Dr Franklin also cautioned that the intermittent use of opioids does not spare patients from overdose and that in doses lower than 100 mg MED, many patients enrolled in Washington State’s Medicaid program have been admitted for opioid overdose even when they were not using opioids on a long-term basis.

Comprehensive guidelines from Washington State on prescribing opioids make it very clear that physicians must proceed with caution when initiating opioid therapy to improve function and pain in patients with chronic pain or when transitioning to the long-term use of opioids.

Before initiating treatment with any opioid, patients should be screened for current or past substance abuse as well as depression.

Clinically Meaningful Improvement

“When you are tracking pain and function, you also have to make sure there is clinically meaningful improvement in both pain and function,” said Dr Franklin.

In Washington State, a clinically meaningful improvement in pain and function means at least a 30% improvement in both.

Physicians also need to track pain and function at every visit so that they can better judge how well the opioid may be working — or not.

Sleep disturbances are common in patients with chronic pain, and physicians need to help patients with various measures to improve sleep hygiene or prescribe a tricyclic antidepressant, which will help with underlying depression as well sleep disturbances, he added.

There are also many nonpharmacologic alternatives to long-term opioid use that are strongly supported by evidence.

Graded exercise is well established as a good treatment modality for chronic pain, as are cognitive-behavioral therapy (CBT), mindfulness-based stress reduction techniques, and various forms of meditation and yoga.

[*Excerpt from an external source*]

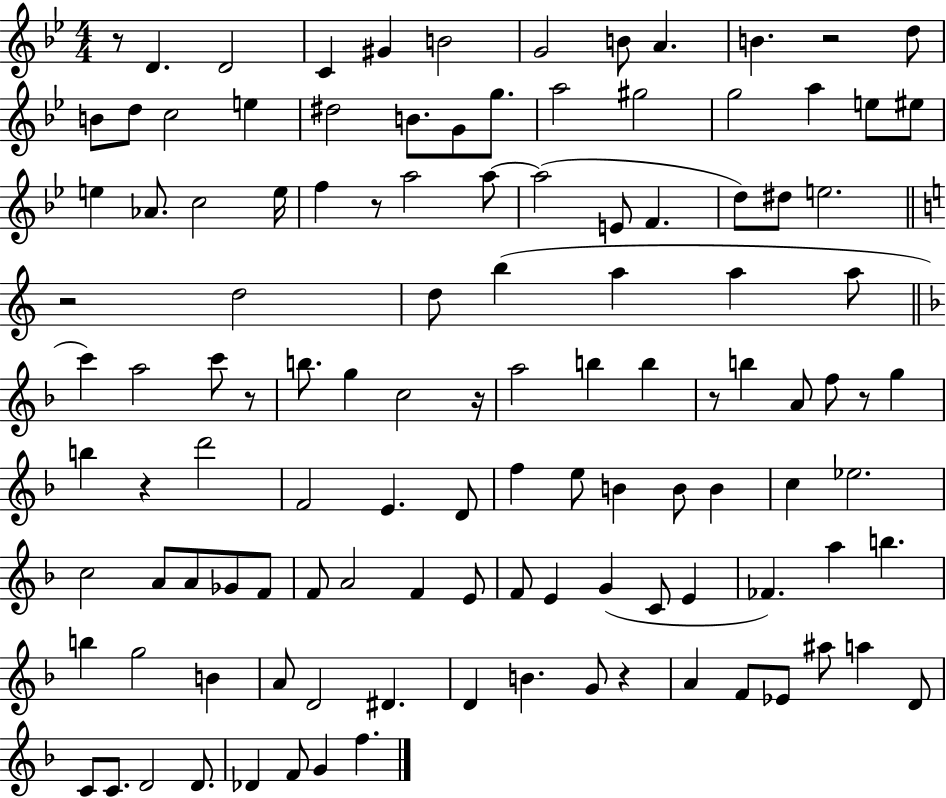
R/e D4/q. D4/h C4/q G#4/q B4/h G4/h B4/e A4/q. B4/q. R/h D5/e B4/e D5/e C5/h E5/q D#5/h B4/e. G4/e G5/e. A5/h G#5/h G5/h A5/q E5/e EIS5/e E5/q Ab4/e. C5/h E5/s F5/q R/e A5/h A5/e A5/h E4/e F4/q. D5/e D#5/e E5/h. R/h D5/h D5/e B5/q A5/q A5/q A5/e C6/q A5/h C6/e R/e B5/e. G5/q C5/h R/s A5/h B5/q B5/q R/e B5/q A4/e F5/e R/e G5/q B5/q R/q D6/h F4/h E4/q. D4/e F5/q E5/e B4/q B4/e B4/q C5/q Eb5/h. C5/h A4/e A4/e Gb4/e F4/e F4/e A4/h F4/q E4/e F4/e E4/q G4/q C4/e E4/q FES4/q. A5/q B5/q. B5/q G5/h B4/q A4/e D4/h D#4/q. D4/q B4/q. G4/e R/q A4/q F4/e Eb4/e A#5/e A5/q D4/e C4/e C4/e. D4/h D4/e. Db4/q F4/e G4/q F5/q.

If patients who are currently receiving opioids are scheduled for an elective operation, they should resume their preoperative dose of opioids 6 weeks after surgery.

If they are not receiving opioids at the time of the procedure, patients should be off all opioids within 6 weeks.

And if patients are not improving on opioid therapy, “the ongoing risk from continued treatment outweighs the benefit,” Dr Franklin said.

“And opioids in these patients should be tapered to zero.”

The new guidelines indicate that when tapering opioids, the dose should be reduced by 10% a week, with or without accompanying CBT, inpatient detoxification, or treatment in a pain clinic.

“These patients are losing their lives in our system, and we need to do everything possible to reverse this epidemic and saves lives,” Dr Franklin said.

“And I am glad to say our efforts are paying off, as we have seen a 30% sustained decline in death from overdose in Washington State and a dramatic decline in the proportion of injured workers on chronic opioids as well.”